Boris Yakovlevich Levin (Russian: Борис Яковлевич Левин, 22 December 1906 – 24 August 1993) was a Soviet mathematician who made significant contributions to function theory.

Boris Yakovlevich Levin was born 22 December 1906 in Odessa.

In 1932 he graduated from the University of North Caucasus (Rostov-on-Don). From 1935 to 1949 he is Professor and Head of the Department of Mathematics of the Odessa Institute of Marine Engineers.

In 1949, invited by N. I. Akhiezer, he moved to Kharkov, and since that time he worked at the Kharkov State University.

In 1969 he organized the Department of Function Theory in the Institute for Low Temperature Physics and Engineering of Ukrainian Academy of Sciences, in which he worked until his last days (as a Chief of the Department he worked until 1986).

Levin died in Moscow on 24 August 1993, at the age of 86.

Research of B.Ya. Levin is concerned to the theory of entire functions, functional analysis, harmonic analysis, the theory of almost periodic and quasi-analytic functions. He obtained the fundamental results concerning non-harmonic Fourier series and operators preserving inequalities in various classes of entire functions of exponential type. Together with N.I. Akhiezer, he discovered a relation between extremal problems of the theory of entire functions and conformal transformations onto canonical domains. He introduced a class of operators of transformation, which is the basis for solving the inverse scattering problem.

The theory of entire functions of completely regular growth brought fame to Boris Yakovlevich Levin. He created this theory in the mid of 1930s concurrently with Albert Pfluger. This theory describes a very wide class of entire functions, containing the majority of entire functions encountered in applications.

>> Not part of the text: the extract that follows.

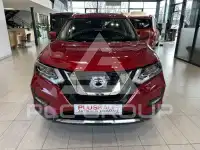 2017 Nissan X-TRAIL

For the functions of this class, the relation between their behaviour at infinity and distribution of zeros can be described by the asymptotic formulas.

In 1956, Boris Yakovlevich had published his monograph "Distribution of zeros of entire functions", which was translated into German and English, and which is, to present days, the handbook for many professionals working in different areas of mathematics.